Error Handling Design

Munro pushed back on two points of the error discipline:

  • Silent -1 return on syscall failure. The initial patch mirrored calculate_tablespace_size()'s defensive pattern: return -1 (→ SQL NULL) rather than ereport. Munro argued this makes field debugging impossible, especially on Windows where without strace-equivalent tracing the user has no recourse. Berg looked more carefully and found calculate_tablespace_size actually does raise errors inside db_dir_size — it only tolerates a missing top-level directory. v4 switches to raising errors, exposing a real case: ERROR: could not statvfs directory ... Too many levels of symbolic links.

  • EINTR retry.

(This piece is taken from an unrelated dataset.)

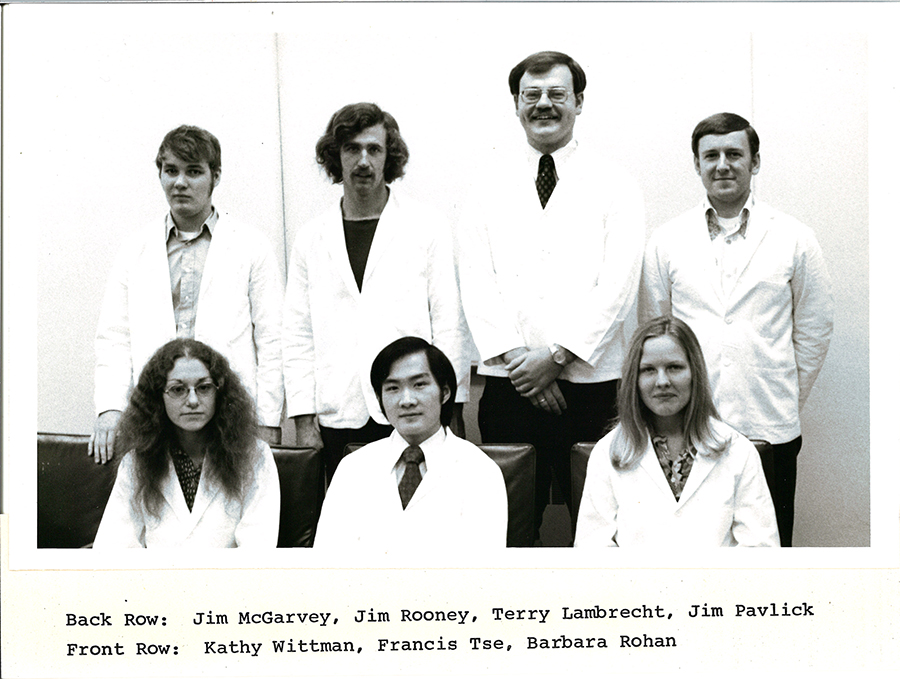 A black-and-white group photo of pharmacy students in white coats.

Munro wondered if the statvfs call should loop on EINTR. Berg noted gnulib's coreutils df doesn't bother; Munro conceded that would require a filesystem that both sleeps in statvfs and ignores SA_RESTART, which is theoretical. Deferred until evidence arises.

  • Style: ! preferred over == false.

The Permissions Problem and the v5 psql Change

Once calculate_tablespace_avail raises real errors, \db+ becomes fragile for non-superusers. pg_tablespace_size has always had the same issue — a non-superuser lacking CREATE on pg_global gets an error from \db+. v5 fixes this at the psql layer by mirroring the access check inside the meta-command's query:

CASE WHEN dbsub.dattablespace = tblspc.oid
       OR has_tablespace_privilege(tblspc.oid, 'CREATE')
       OR pg_has_role('pg_read_all_stats', 'USAGE')
     THEN pg_size_pretty(pg_tablespace_avail(tblspc.oid))
     ELSE 'No Access' END

The three-way test (own default tablespace / CREATE privilege / pg_read_all_stats role) matches the existing authorization logic used elsewhere for pg_tablespace_size. Notably, pg_tablespace_size itself was not previously guarded in psql — v5 fixes both columns together. Berg also floated making the underlying functions return NULL on insufficient permissions instead of erroring, which would be a broader behavioral change and was not adopted.

Open Design Question: pg_wal

Berg's followup proposal is architecturally more interesting. pg_wal frequently lives on a dedicated volume (different IO characteristics, crash-safety concerns) but is not a tablespace — it's not in pg_tablespace, has no OID, and get_tablespace_location knows nothing about it. Three options on the table:

  1. Synthetic pg_wal row in pg_tablespace with a reserved WALTABLESPACE_OID. Cleanest from the user's perspective — \db+ "just works" — but requires defensive checks anywhere tablespace OIDs flow into DDL (CREATE TABLE ... TABLESPACE, ALTER TABLE SET TABLESPACE, pg_class.reltablespace, etc.). The blast radius is large.
  2. Dedicated pg_wal_size() / pg_wal_avail() functions. Minimal invasiveness, but users must know to call a different function, and \db+ would need a separate UNION branch.
  3. Reserved OID recognized only by the three introspection functions (get_tablespace_location, pg_tablespace_size, pg_tablespace_avail) without a catalog row. A middle ground — avoids catalog pollution and DDL-path defensive checks, but is a slight abstraction leak.

Berg leans between (2) and (3). This is unresolved in the thread.

Significance

The patch itself is small but hits a real gap. The technical core is almost entirely about (a) picking the right portable syscall and the right field within its result struct, and (b) getting the error/permission surface right so \db+ remains usable for non-superusers. Munro's review has mostly converged toward commit ("go for it, call statvfs and don't worry"). The pg_wal follow-up is where the more interesting design work remains.